◆ What the task requires ◆
Transcribe all of the data exactly. Images stay out.

◆ Available data ◆
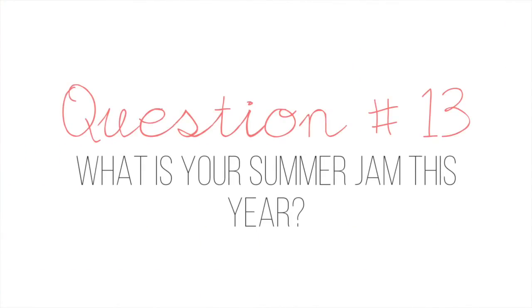Question number thirteen: what is your summer jam this year? Anything by Kermio.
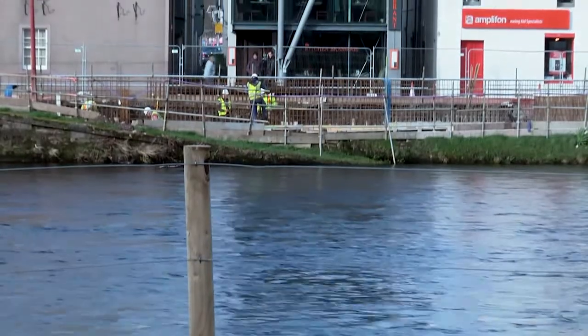We've been concentrating on drainage on both sides of the river, so we've got squads working on Bank Street, Douglas Row and Huntley Street installing the deeper drainage.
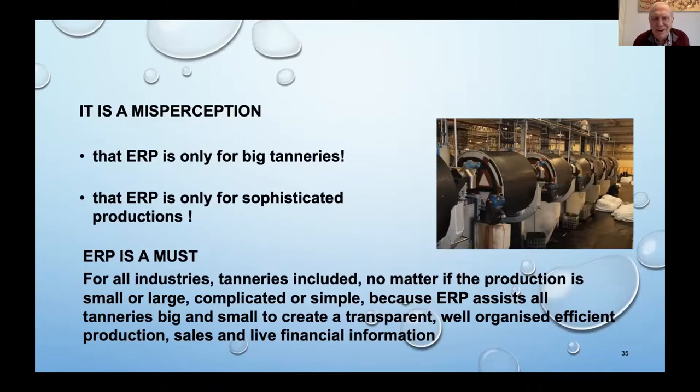Especially in Africa, when I talk about ERP, they always say, 'My tannery is too small.' That is a misperception. ERP is not only for big sophisticated tanneries or sophisticated productions. ERP is a must for all tanneries, for all industries, no matter if the production is small or large or complicated or simple, because ERP assists all tanneries — big and small — to create a transparent, well-organized, efficient production. It follows the sales and gives you live financial information.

◆ Answer for this exercise ◆
Question number thirteen: what is your summer jam this year? Anything by Kermio.
We've been concentrating on drainage on both sides of the river, so we've got squads working on Bank Street, Douglas Row and Huntley Street installing the deeper drainage.
Especially in Africa, when I talk about ERP, they always say, 'My tannery is too small.' That is a misperception. ERP is not only for big sophisticated tanneries or sophisticated productions. ERP is a must for all tanneries, for all industries, no matter if the production is small or large or complicated or simple, because ERP assists all tanneries — big and small — to create a transparent, well-organized, efficient production. It follows the sales and gives you live financial information.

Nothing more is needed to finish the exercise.